§ Task prompt: Drop the pictures; give again exactly the lines from the one holding "Snow White Themed Nightgown" through the end of the data.

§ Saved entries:
....

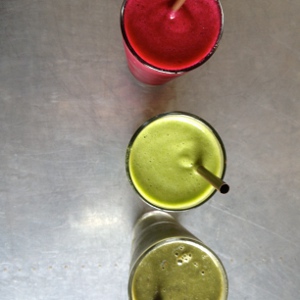 category-on green juices + juicing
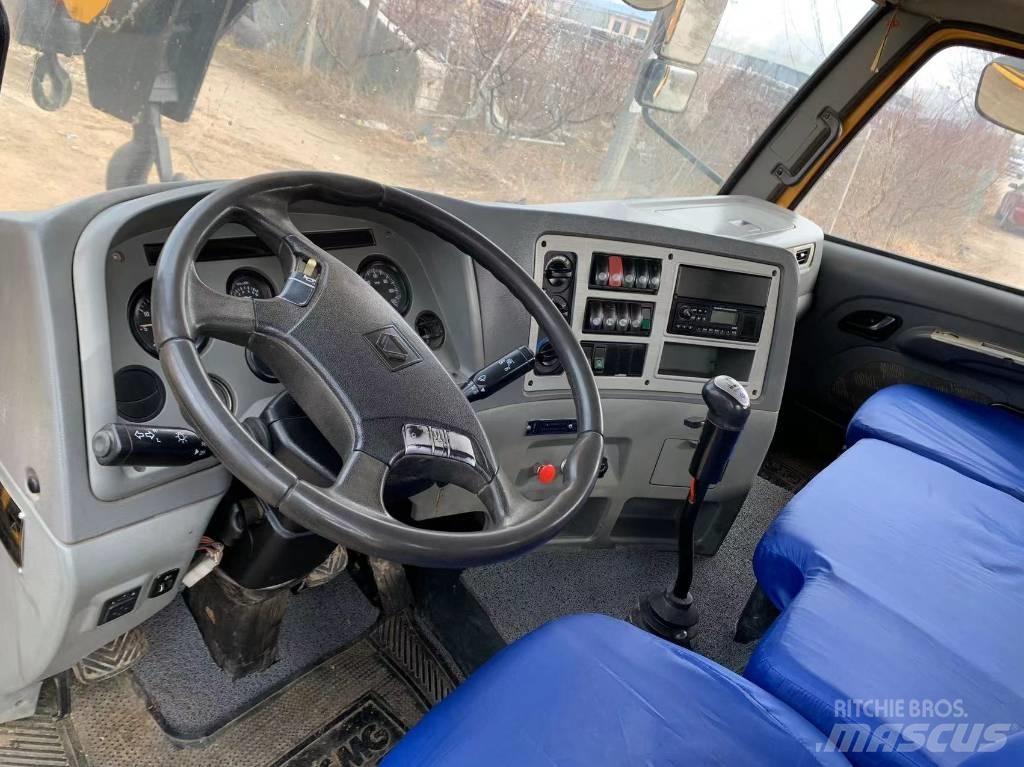 XCMG QY25K5-I Visureigiai kranai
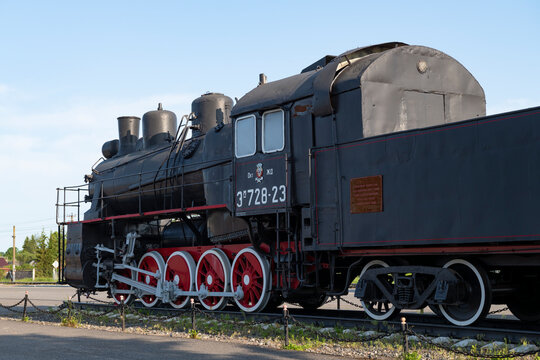 DNO, RUSSIA - JUNE 15, 2025: Old Soviet steam locomotive Em728-23 is the monument on the Dno station. Pskov region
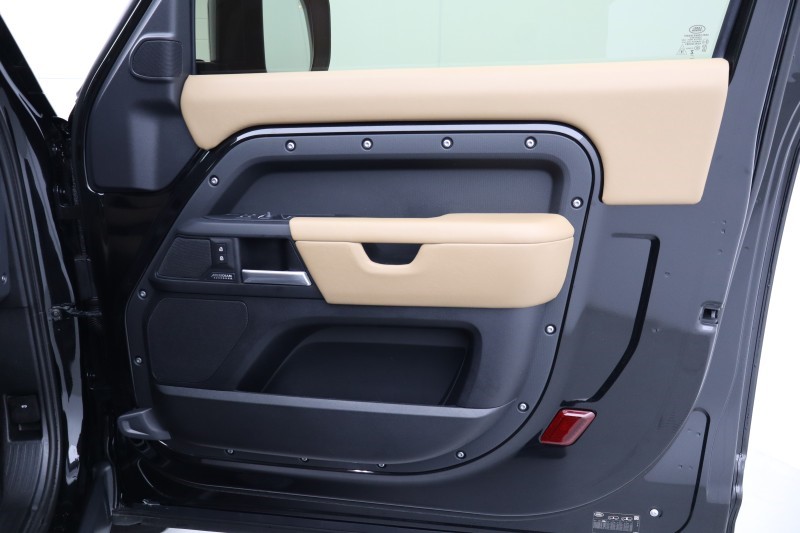 2025 (75) LAND ROVER DEFENDER 3.0 D250 X-Dynamic HSE 90 3dr Auto 5388255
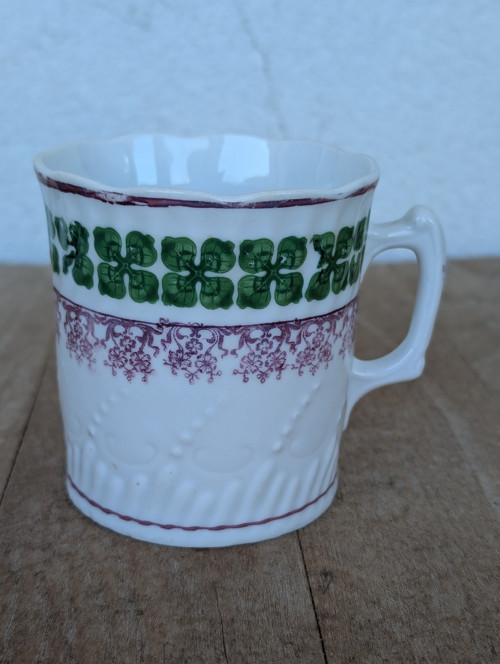 Starožitný porcelán.hrnek s reliéfem a čtyřlístky.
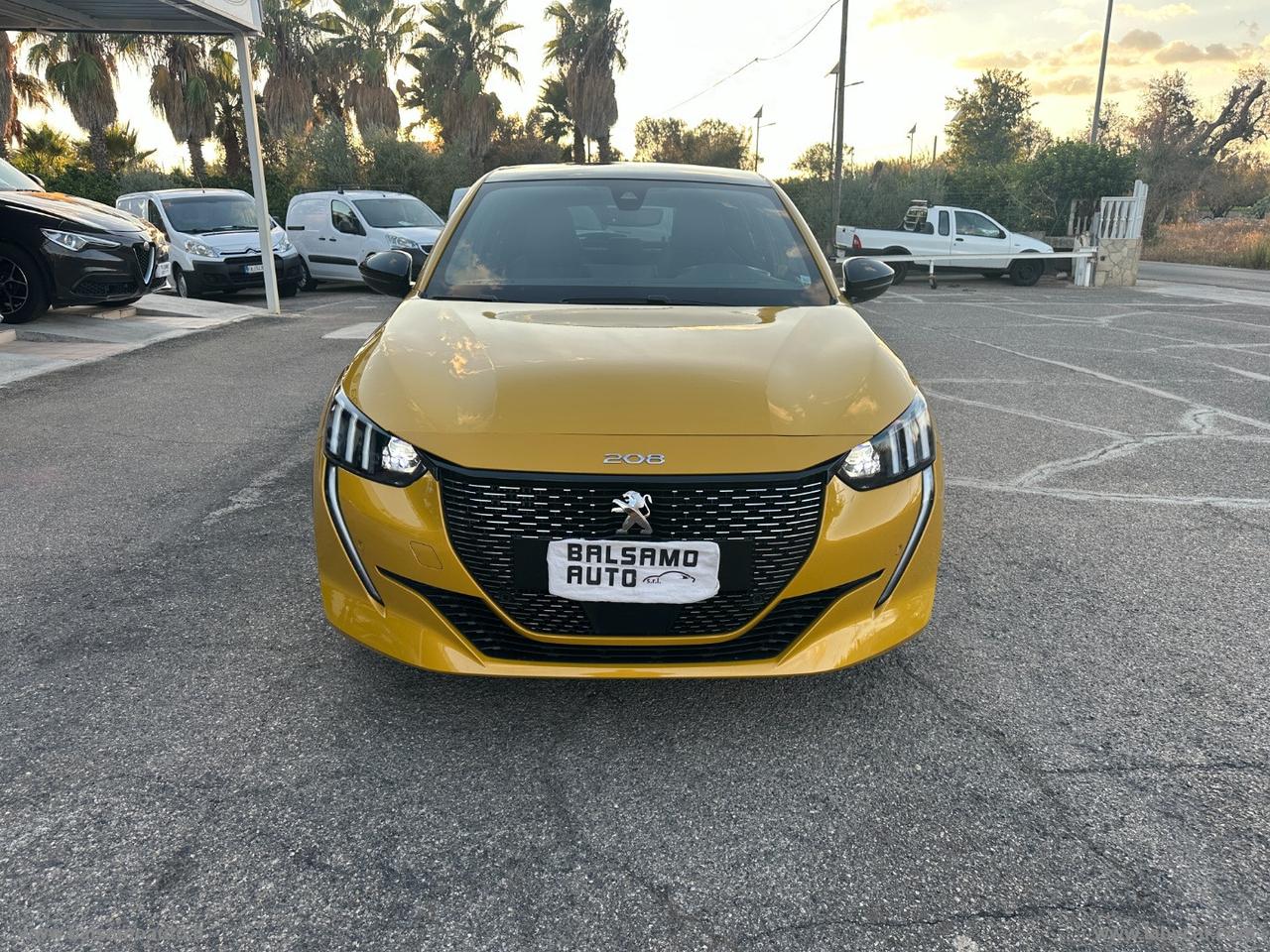 PEUGEOT 208 GT Line PANORAMA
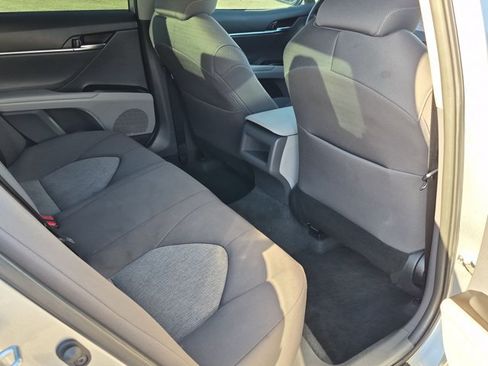 Used 2024 Toyota Camry LE FWD image 17
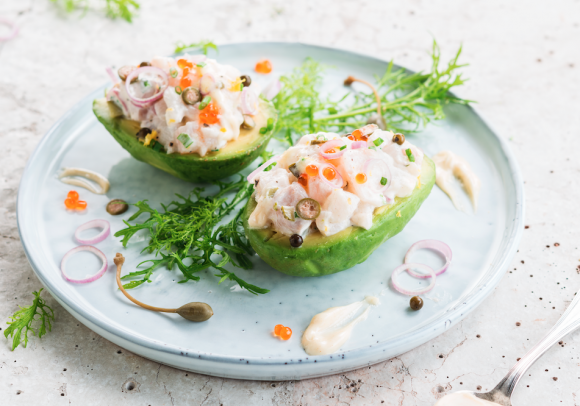 Vissalade met avocado - Salade de poisson crémeuse à l’avocat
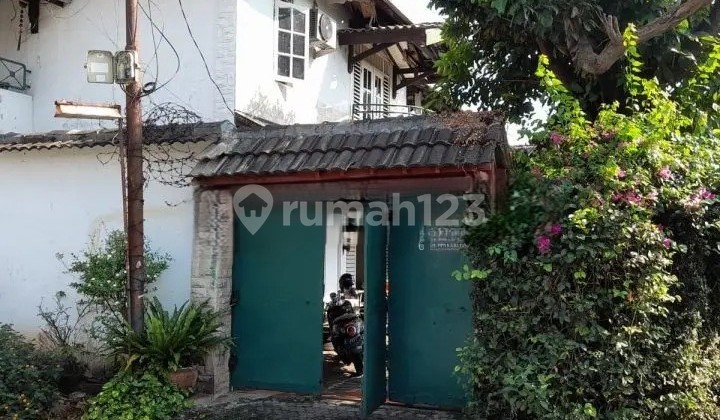Rumah Lama Dalam Komplek Lingkungan Asri dan Nyaman di Pejaten Timur   2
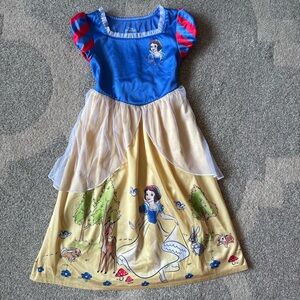 Snow White Themed Nightgown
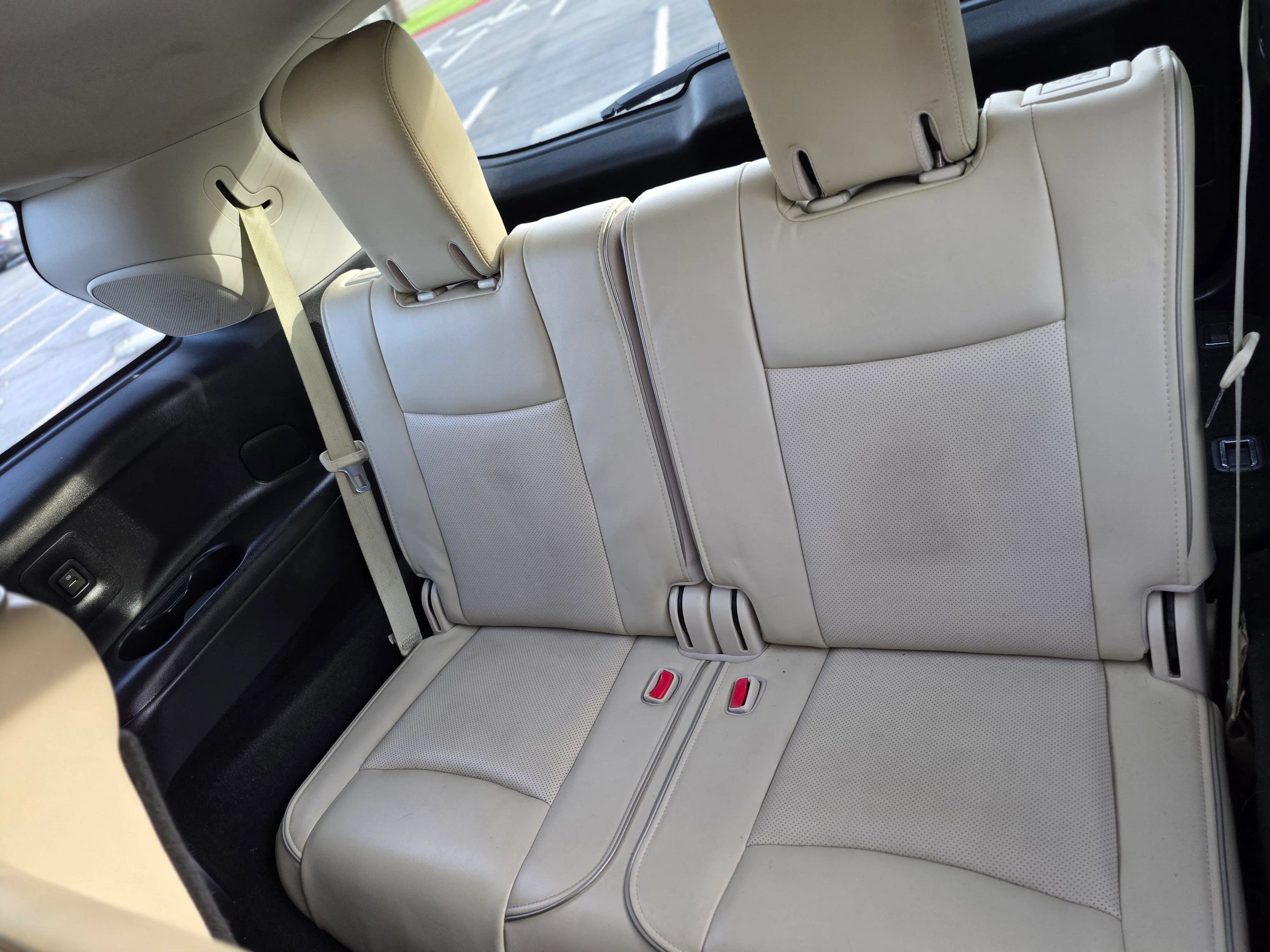 Used 2016 INFINITI QX60 FWD w/ Premium Plus Package image 12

....

§ Task response:
 Snow White Themed Nightgown
 Used 2016 INFINITI QX60 FWD w/ Premium Plus Package image 12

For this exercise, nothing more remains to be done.